The Route: a short stage, just 147km today. There’s a ride out across the plains for 17km and then the climbs start, a gentle one to start with some hairpins on the way down, a bigger one next and then it’s off to tackle the Bric del Pilonetto (bric is local dialect for a hill or mountain) and then a descent to Chieti.
All this is notionally a warm-up before the circuit, there are two laps of a 36km loop. The profile doesn’t do the circuit justice, it seems to be climbing or descending all the time and often twisting and turning, the only recovery section is the flat run through the city of Turin.
The Superga climb’s been used many times for the finish of the Milano-Torino classic and is a tough climb – but there’s harder to come – and this time it’s not a summit finish to the Basilica, instead the race tips down. From here the road chosen here is wider but still has blind bends before crossing the Col d’Arsete (a dip and not a climb here) and around to the start of the next climb with more twisting descending. Then comes a right turn on to a narrow backroad…
The road is much narrower but there are straight sections at first, then comes the really steep part and that 20% section is no exaggeration taken on the inside line of a hairpin it’s a real ramp between bends. It eases off as the profile shows to the Colle Della Maddalena, more a peak than a pass and the descent is on bigger roads.
There’s a small climb on the way down and then it descends via hairpin bends down to the Po river banks in Turin.
The Finish: downhill through the flamme rouge before it flattens out for the finish.
The Contenders: a breakaway or the GC riders?
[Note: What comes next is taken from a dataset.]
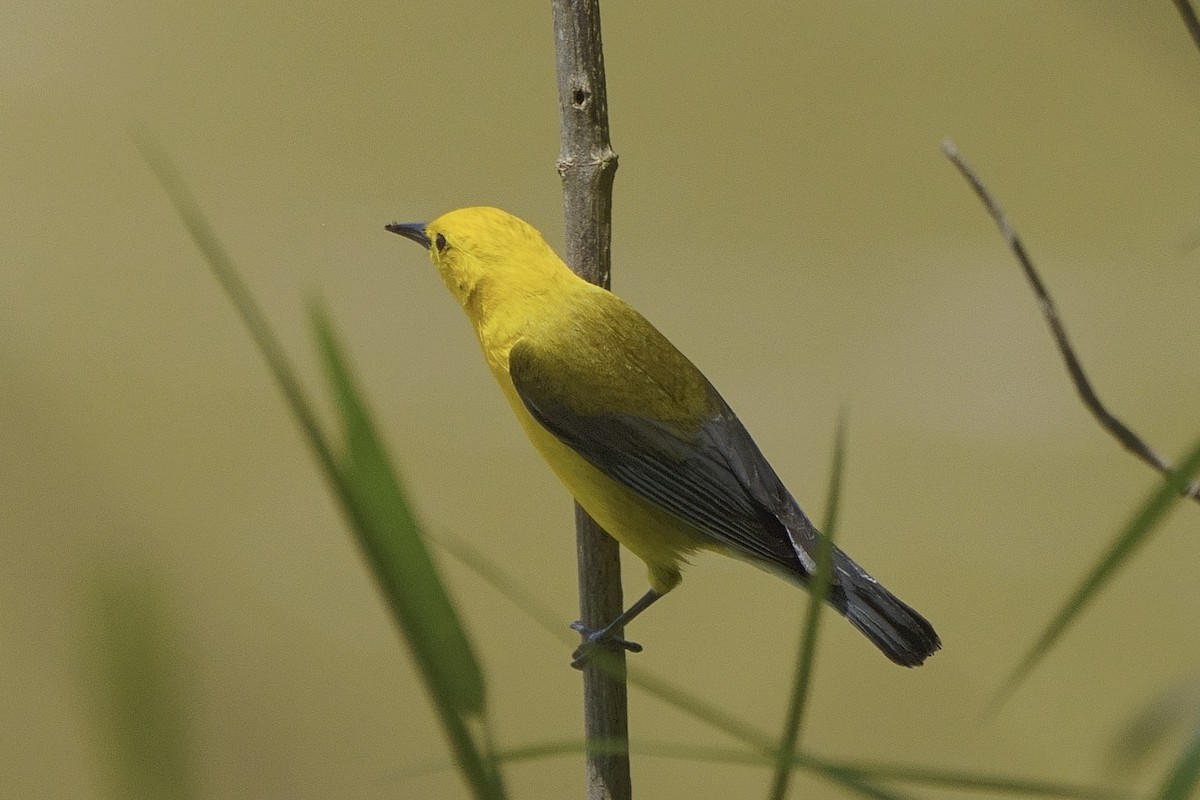 Prothonotary Warbler - ML619781326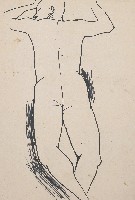 藏品(人體)的圖片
Simon Yates (BikeExchange-Jayco) might tick both boxes as someone with the form for GC who can go in the break today but the state of his knee and the hot temperatures might be problems and he might find tomorrow’s stage is easier to win, it’s more straightforward.
Wout Poels (Bahrain) fits the bill, he can handle the climbs and isn’t a GC threat. Lennard Kämna (Bora-hansgrohe) isn’t as punchy for the climbs but seems in good form. Bauke Mollema (Trek-Segafredo) is an obvious breakaway pick but he might not have the high octane punch for today, tomorrow suits more.
Among the GC candidates it’s a hard pick as well, they’re likely to come in to Turin together so João Almedia (UAE) might have a good sprint while Pello Bilbao (Bahrain) is ideal too.
|Yates, Poels, Kämna|
|Bilbao, Buitrago, Peters, Covi, Caicedo|
Weather: warm and sunny, 29°C.
TV: the stage starts at 1.15pm and the finish is forecast for 5.15pm CEST. This could be worth watching in full, especially as tomorrow’s stage into the Alps lends itself to a team that wants to control the race, today promises to be wilder.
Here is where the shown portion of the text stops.